UK – British supermarket chain Asda has announced a ‘refill price promise’ which guarantees that each of its refill products will be cheaper than standard packaged alternatives as part of its effort to reduce its packaging.
The supermarket first introduced refill two years ago and has been continually testing and learning, collaborating with customers to find what most appeals to them.
Asda has partnered with WRAP and Unilever, with funding from Innovate UK, to find out customer barriers to participation, so it could look at ways it can increase participation.
The research found the top priority to be clear pricing, while other key objectives now look to combat uncertainty and apprehension, as well as to make the experience fun and enjoyable.
As a result of the customer feedback, its refill stores in Middleton, Toryglen, York and Milton Keynes will be adopting four dry refill bays with its cereals including Kellogg’s Cornflakes, Bran Flakes and Coco Pops as well as a range of Asda branded cereal.
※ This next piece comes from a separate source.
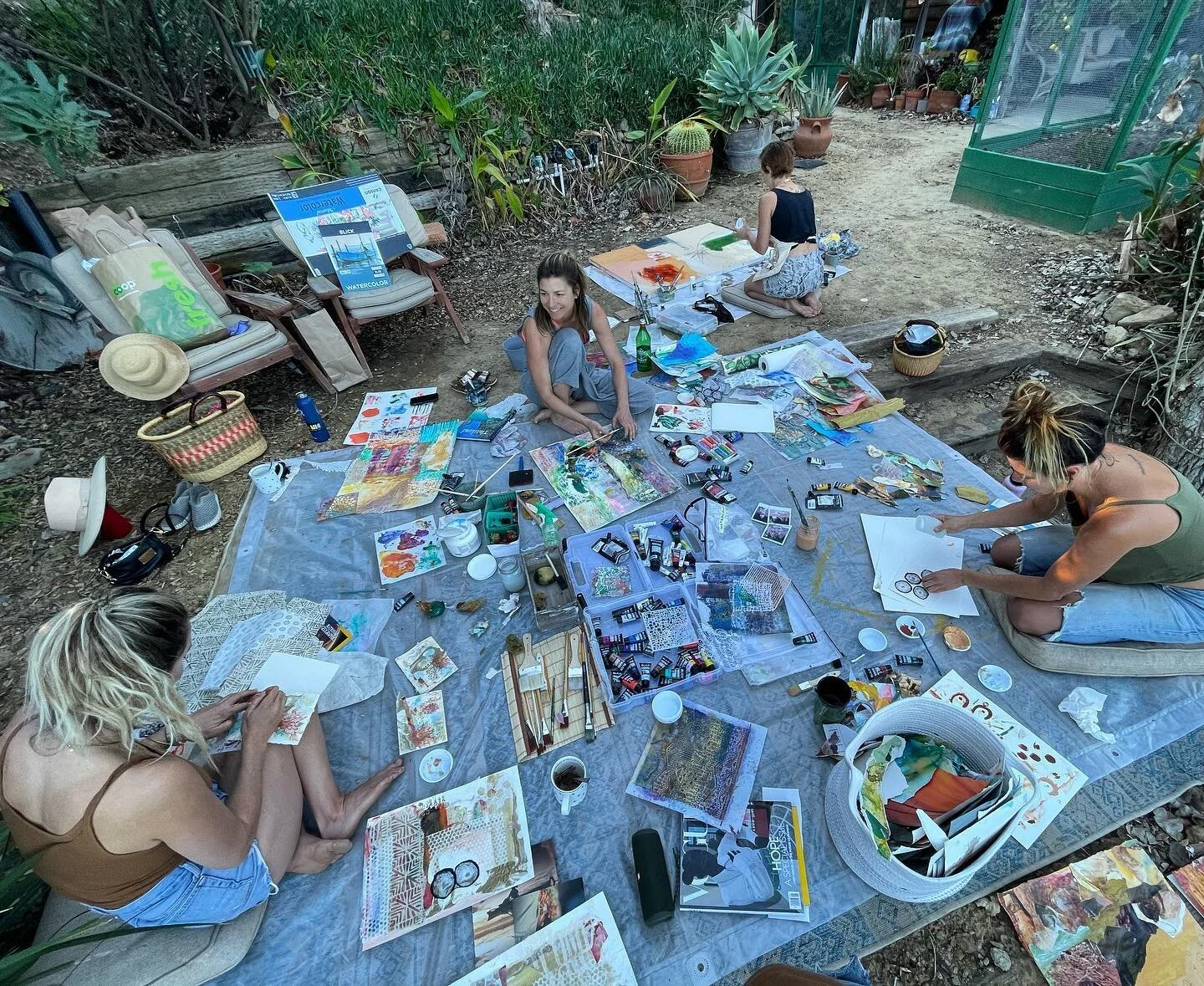 I love to paint and collage with friends! It&rsquo;s my new favorite way to spend a Sunday afternoon💕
Napolina pasta and Asda branded rice will be added to the rice and pasta bay while store cupboard items include Cadbury’s Giant Buttons and Maynards Wine Gums.
The pet bay will include options such as Dreamies Cat Treats, Chappie, Pedigree, Harrington’s dog food and bird food.
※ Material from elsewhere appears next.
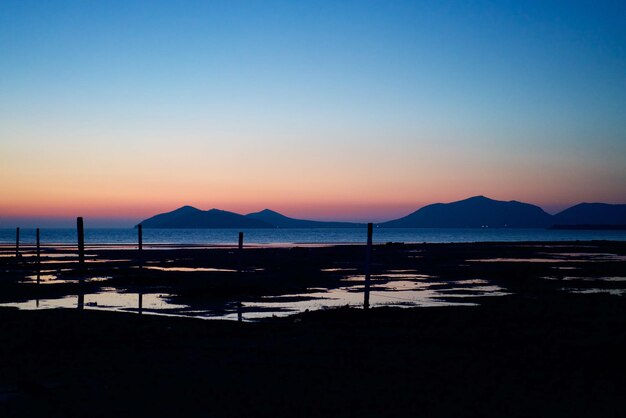 Photo scenic view of sea against clear sky at sunset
As well as the revamp, Asda has lowered the price of its reusable bag to £0.10 (US$0.12) as shoppers claimed to bring back multiple containers was too bulky.
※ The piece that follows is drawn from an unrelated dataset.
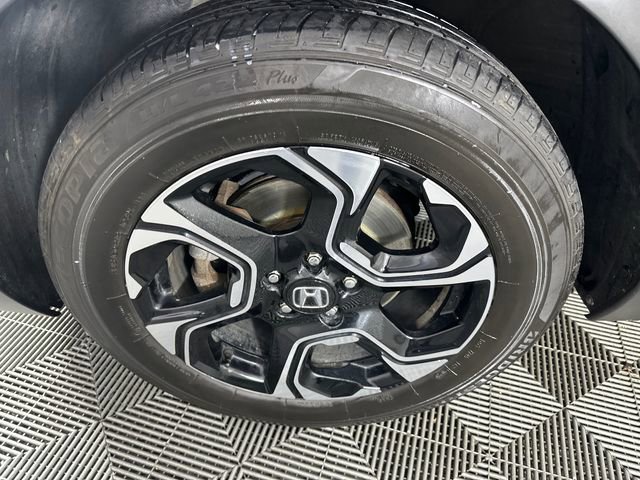 Used 2018 Honda CR-V Touring image 2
Susan Thomas, Asda’s Senior Director of Sustainable Commercial activity, said: “We know the cost-of-living crisis is having a big effect on our customers, so it is important we recognize this in the refill space through our ‘refill price promise’ and ensure customers are getting an even better deal.”
“As well as being cheaper, refill allows customers to buy the exact amount they need, helping them stick to budgets, while at the same time reducing food waste at home.”
Wrap director of collaboration and change, Catherine David added: “Reuse and refill will have a key role to play in changing our ingrained shopping habits and weaning ourselves off single-use plastic – essential in the transition to a circular economy for plastics.
“The research we conducted in partnership with Asda and Unilever has provided rich learnings that are enabling us to better understand what is needed to get customers trying reuse and refill and keep them coming back.
“We know we need to make this an easy and cost-effective process and Asda is showing how this is possible. They should be commended for their leadership on reuse and refill, and we look forward to seeing more action from supermarkets and brands on this critical system change.”
Earlier this year, Aldi announced plans to remove ‘best before’ dates from the packaging of some own-brand fresh products to help reduce domestic food waste.
The retailer will remove the dates from the labeling of around 60 fresh fruit and vegetable products, including apples and pears, citrus fruits, potatoes, carrots and onions, by the end of this year.
The announcement is part of Aldi’s efforts to reduce food waste by 20% by 2025 and 50% by 2030.